The North Wales Joint Local Transport Plan, published by the north Wales local authorities in January 2015, identifies five key transport issues for the region. Among them, the plan highlights the economic importance of strategic road and rail links, and their ability to carry people and freight to ports and to the rest of the UK. This illustrates the importance of cross-border road and rail links to north Wales.

The previous Welsh Government’s National Transport Finance Plan and the Joint Local Transport Plan set out proposed investment projects for all modes of transport in the region. However, two important areas create immediate opportunities and threats for a region closely connected to its cross-border neighbour.

Rail modernisation

While the Welsh Government has powers to invest in rail, responsibility for rail infrastructure in England and Wales sits with the UK Government. Rail infrastructure projects are mainly delivered in five-year planning blocks called ‘Control Periods’. The next block, Control Period 6 (or ‘CP6’), will run from 2019 to 2024 and preparations are getting underway now. The UK Government is expected to publish key documents setting out what projects will be delivered, and the funding available, in the summer of 2017.

The previous Welsh Government wanted to modernise the north Wales rail network, particularly through electrification. This aspiration is shared by local and regional authorities on both sides of the border. The Network Rail Welsh Route Study, which sets out investment ‘choice for funders’ for CP6 and beyond, was published in March 2016. It includes options for both improving line speeds on the current network and electrifying the north Wales mainline.

The Fourth Assembly’s Enterprise and Business Committee held an inquiry into Priorities for the future of Welsh Rail Infrastructure in 2016. The Committee heard evidence outlining the importance of electrification. In particular, evidence from the North Wales Economic Ambition Board and Greengauge 21 argued strongly that a package of improvements, including electrification between Crewe / Warrington and Llandudno / Holyhead via Chester, is essential in CP6 to realise the economic potential of the region and secure benefits from English developments such as High Speed 2 (HS2).

The Committee identified a strong case for electrification, but had concerns about who would fund the project, whether freight needs would be adequately reflected, and whether it could be delivered in CP6. Following delays to Network Rail’s current investment programme, it was concerned that the project might be delayed until after HS2 is expected to reach Crewe in 2027, reducing the economic benefit of HS2 for north Wales.

A cross-border task force including local authorities, the Welsh Government and the business community was set up to identify the improvements needed on the network following a November 2015 north Wales rail summit. The task force developed an outline business case for electrification to be delivered in CP6. The Welsh Government submitted the business case to the Department for Transport (DfT) in March 2016.

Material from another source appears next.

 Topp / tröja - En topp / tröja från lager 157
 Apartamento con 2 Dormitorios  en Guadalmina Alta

Influencing the timing, funding and scope of north Wales rail enhancements is likely to be a priority for the next Welsh Government.

Cross-border links

The previous Welsh Government commissioned a report on the Dee Region Cross-Border Economy which was published in 2013. The report showed how travel patterns in the region do not recognise the border. Similarly, the Enterprise and Business Committee’s rail infrastructure report found                that the border should be invisible from a transport planning perspective. It also found that key network pinch points for Welsh travellers are often in England.

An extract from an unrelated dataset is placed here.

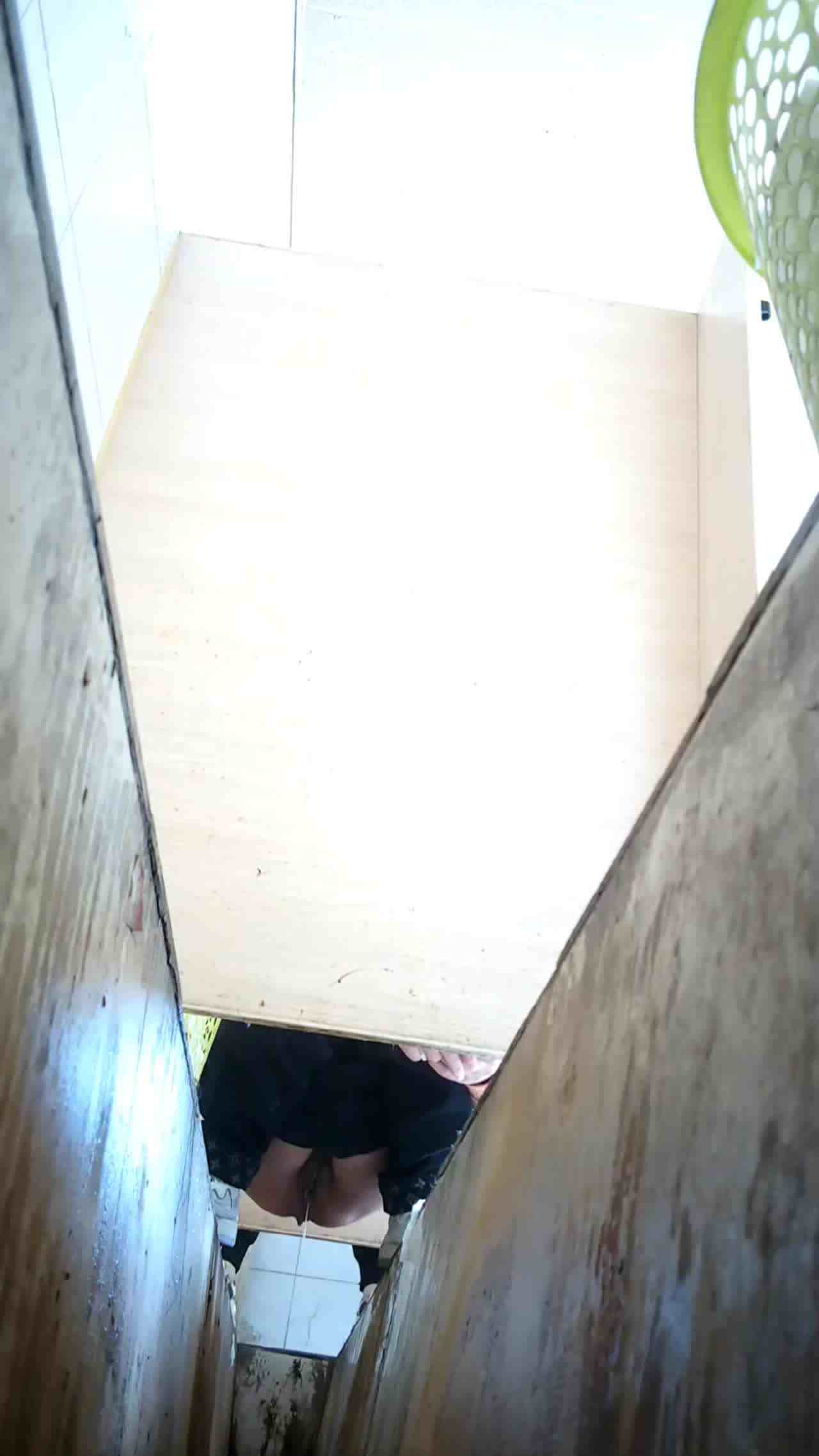  食品厂沟厕偷拍单位熟女会计保养的还不错的大肥鲍 的剧照10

Moves to establish an English Northern Powerhouse include devolving transport powers to new regional bodies in England such as Transport for the North (TfN). This offers the new Welsh Government, local authorities and other important stakeholders’ opportunities to work with and influence these English bodies. Failure to engage effectively might mean investment in the English transport network does not take account of Welsh needs, and could actually undermine the Welsh network. The March 2016 UK Government budget made £300m available for major English projects such as of High Speed 3, linking Leeds and Manchester, and developing a business case for a new Trans-Pennine tunnel. The scale of the planned investment highlights the need to exert Welsh influence on projects that could bring real benefits to north Wales. The budget also opened the door for a ‘growth deal’ for north Wales, providing funding to connect the region with the Northern Powerhouse.

Local cross-border relationships are well established in north Wales, and the Welsh Government has a Memorandum of Understanding with TfN. However, the Enterprise and Business Committee heard evidence suggesting Transport Scotland had closer working relationships with TfN than the Welsh Government. West Midlands Rail, the body working with the Department for Transport to procure the new West Midlands rail franchise, said it had not had any direct discussions with the Welsh Government.

Both the North Wales Economic Ambition Board and TfN recommended that the Welsh Government should engage more with English transport planning bodies to influence decisions and align funding.